*** Opening of SUPPLIED ENTRIES ***
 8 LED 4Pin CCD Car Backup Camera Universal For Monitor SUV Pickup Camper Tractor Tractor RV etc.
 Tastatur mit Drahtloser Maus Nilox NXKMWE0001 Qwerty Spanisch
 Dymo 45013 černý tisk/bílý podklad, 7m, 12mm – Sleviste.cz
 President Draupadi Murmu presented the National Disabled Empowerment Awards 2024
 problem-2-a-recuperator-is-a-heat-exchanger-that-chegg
*** Close of SUPPLIED ENTRIES ***
*** Opening of SUPPLIED ENTRIES ***
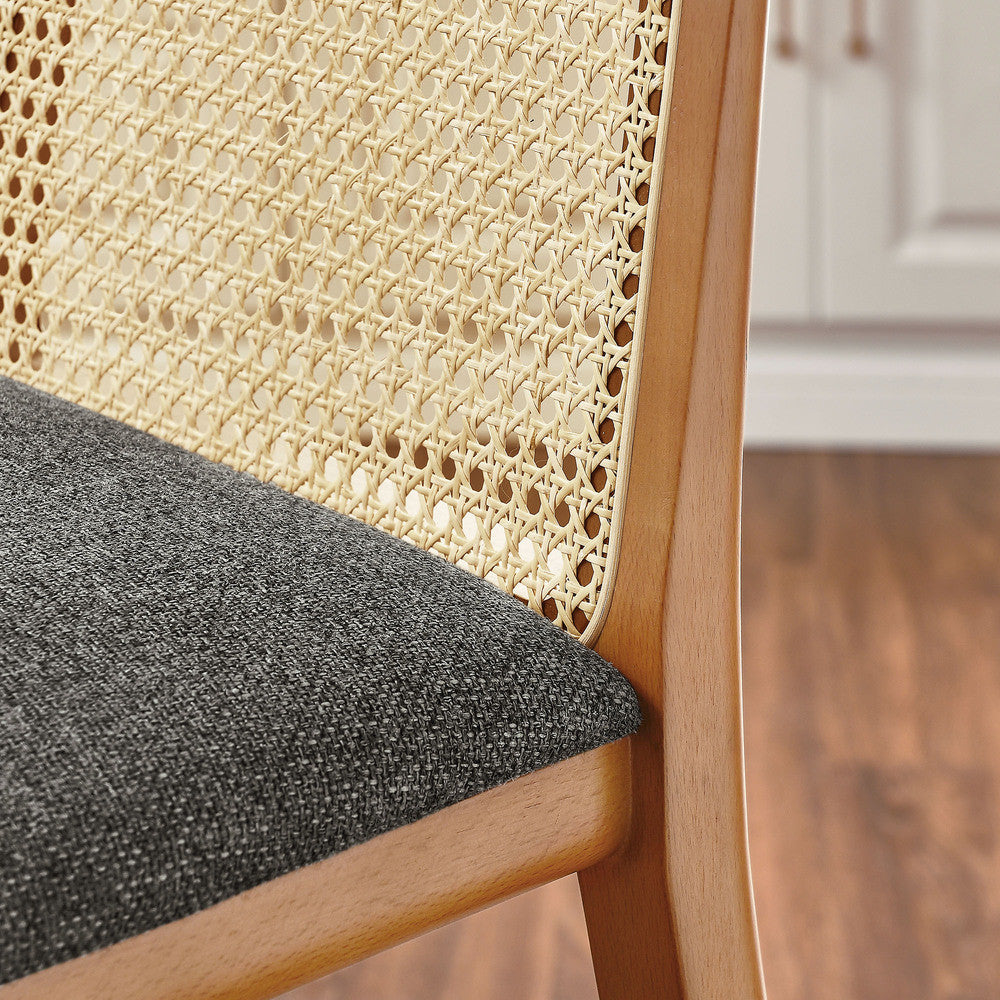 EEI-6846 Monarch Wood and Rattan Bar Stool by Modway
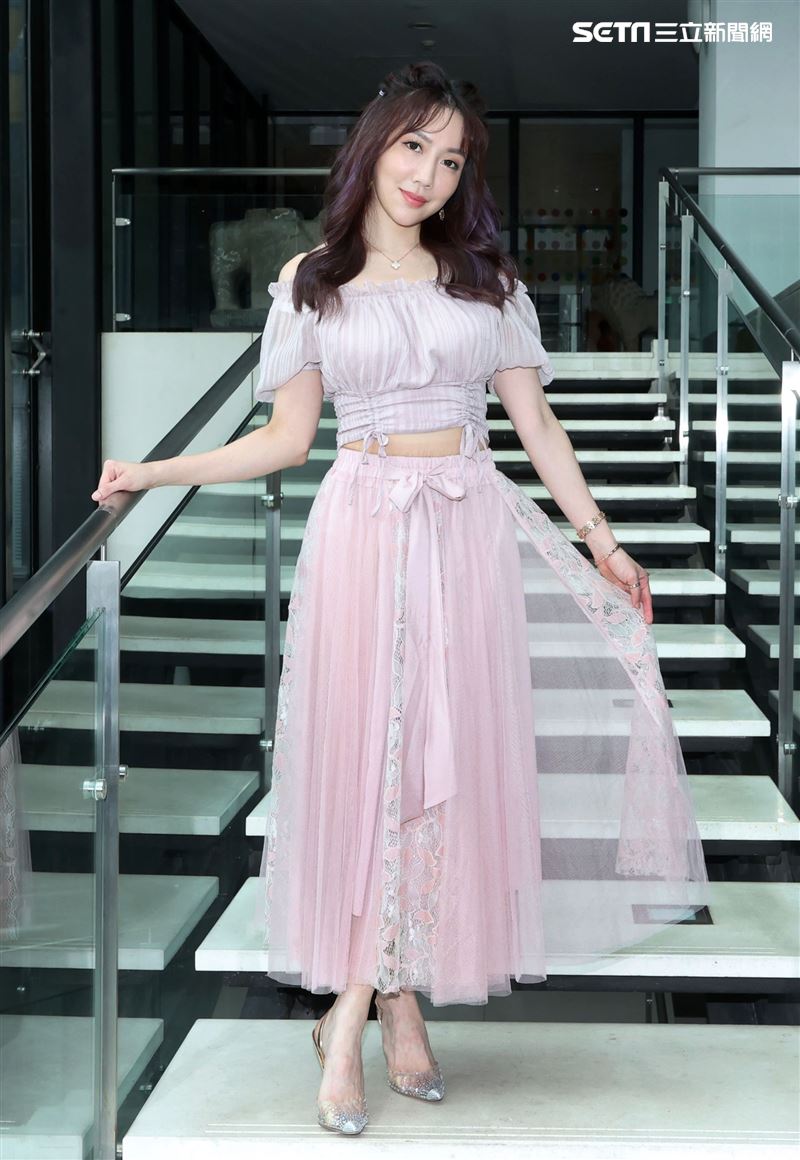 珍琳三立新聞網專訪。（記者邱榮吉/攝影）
*** Close of SUPPLIED ENTRIES ***
*** Opening of SUPPLIED ENTRIES ***
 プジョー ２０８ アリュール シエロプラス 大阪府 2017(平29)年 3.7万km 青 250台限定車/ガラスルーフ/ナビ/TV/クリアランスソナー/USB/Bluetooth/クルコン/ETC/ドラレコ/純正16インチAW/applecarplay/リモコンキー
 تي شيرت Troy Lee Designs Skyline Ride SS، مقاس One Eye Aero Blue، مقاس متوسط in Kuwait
*** Close of SUPPLIED ENTRIES ***
### ABOUT THIS EXERCISE
Once you find the line with "Dymo 45013 černý" in the entries above, output it and each line after it up to and including the line with "problem-2-a-recuperator-is-a-heat-exchanger-that-chegg", and nothing else.

### EXERCISE RESULT
 Dymo 45013 černý tisk/bílý podklad, 7m, 12mm – Sleviste.cz
 President Draupadi Murmu presented the National Disabled Empowerment Awards 2024
 problem-2-a-recuperator-is-a-heat-exchanger-that-chegg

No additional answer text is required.